The softened water 122, i.e., the boiler feed water, may be discharged from the BFW tank 346 and is pumped via a low pressure (LP) BFW pump 352 and a HP BFW pump 354 to the drum boiler 324 for steam generation.
Injection wells can tolerate small amount liquid in the injection steam without compromising the measurement, accounting reporting and other regulatory requirements. This allows the continuous blowdown 372 to be re-combined with the dry HP steam for a wet injection stream while the intermittent blowdown 374 is flashed into an AP flash drum 376 to further reduce its volume. The flashed vapor 378 is discharged in to the atmosphere in the form of vapor, and water 380 is discharged into the plant open drain system There is negligible impurities in water 380 because of the high quality distillate nature of boiler feed water 122.
In some situations, the process 300 may comprise two evaporators 320 coupled in series, followed by a single crystallizer 348.
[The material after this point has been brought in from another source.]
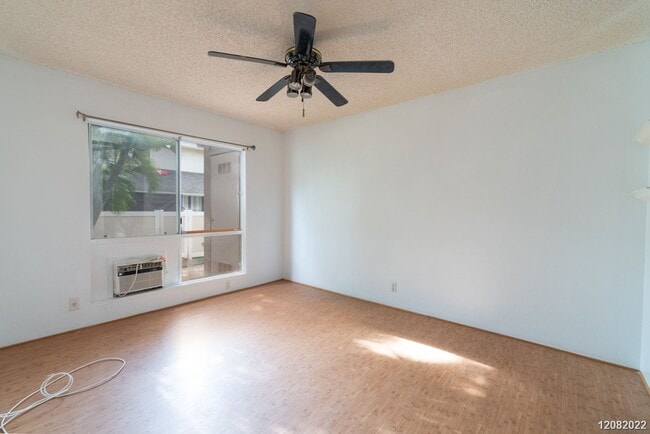 Building Photo - 2bd 1.5 ba 2 pkg townhome at Palm Villas g...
The process 300 also has several drawbacks. For example, while the drum boiler 324 has higher working pressure, larger capacity and is more efficient comparing to the OTSG, its initial cost is high.
The initial cost of the front-end evaporator 320 is also high because of the required large surface areas and the number of auxiliary equipment. While the energy efficiency of the front-end evaporator 320 is high thanks to the latent heat reuse and good heat transfer, the overall energy efficiency of the system 300, however, is lowered because of cyclic phase changes. The distillates condensed from the steam vapor in the evaporator 320 needs to be re-evaporated in the drum boiler 324. Compared to the process 100 using WLS 120 and WAC ion exchange unit 186, the total cost of the evaporator-drum boiler process 300 may be merely marginally lower, but the greenhouse gas emissions of the process 300 are much higher.
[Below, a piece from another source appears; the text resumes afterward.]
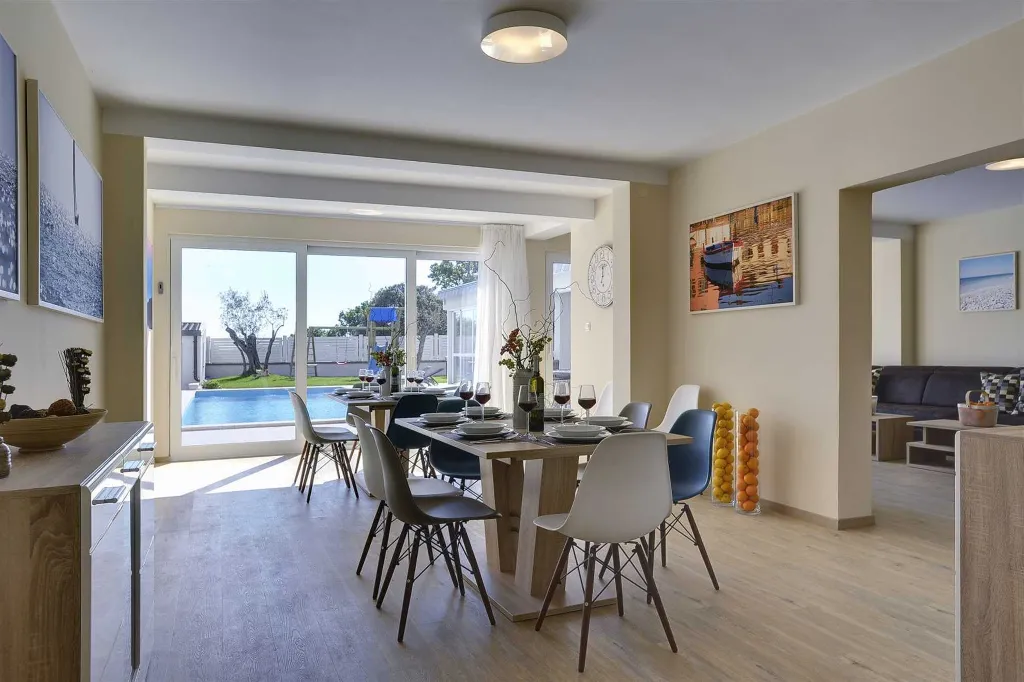 Seven-Bedroom Villa with Pool in Pula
As shown, the emulsion 104 produced from the reservoir 102 is first processed at a phase separation stage 106 to obtain produced water 108 from the emulsion 104. The produced water 118 is then directly fed into an HP evaporator 424 in the steam generation stage 110 for steam generation. In other words, the process 400 uses the HP evaporator 424 and a pressurized system to generate HP steam 126 directly from the produced water 118. The water softening stage is thus eliminated, and a simplified de-oiling process 116 is used to supply high temperature, high pressure water to the evaporator 424.
As shown, an inlet heat exchanger 402 is used to first adjust the emulsion 104 to a process temperature sufficiently high to maintain silica being dissolved therein, to achieve the best separation efficiency in the downstream FWKO 144 and treater 146, or in a flash treating scenario, to heat the high pressure emulsion in order to effectively remove bulk water in a high temperature inverted separator.
In various embodiments, the process temperature is set based on various factors such as the viscosity and specific gravity profiles of the emulsion 104, the treating method (e.g., dilute treating or flash treating process), and the like. In some embodiments, the inlet heat exchanger 402 adjusts the emulsion 104 to a process temperature above 100° C. In some other embodiments, the inlet heat exchanger 402 adjusts the emulsion 104 to a process temperature between about 100° C. and about 250° C. In yet some other embodiments, the inlet heat exchanger 402 adjusts the emulsion 104 to a process temperature between about 100° C. and about 200° C. In still some other embodiments, the inlet heat exchanger 402 adjusts the emulsion 104 to a process temperature between about 140° C. and about 150° C.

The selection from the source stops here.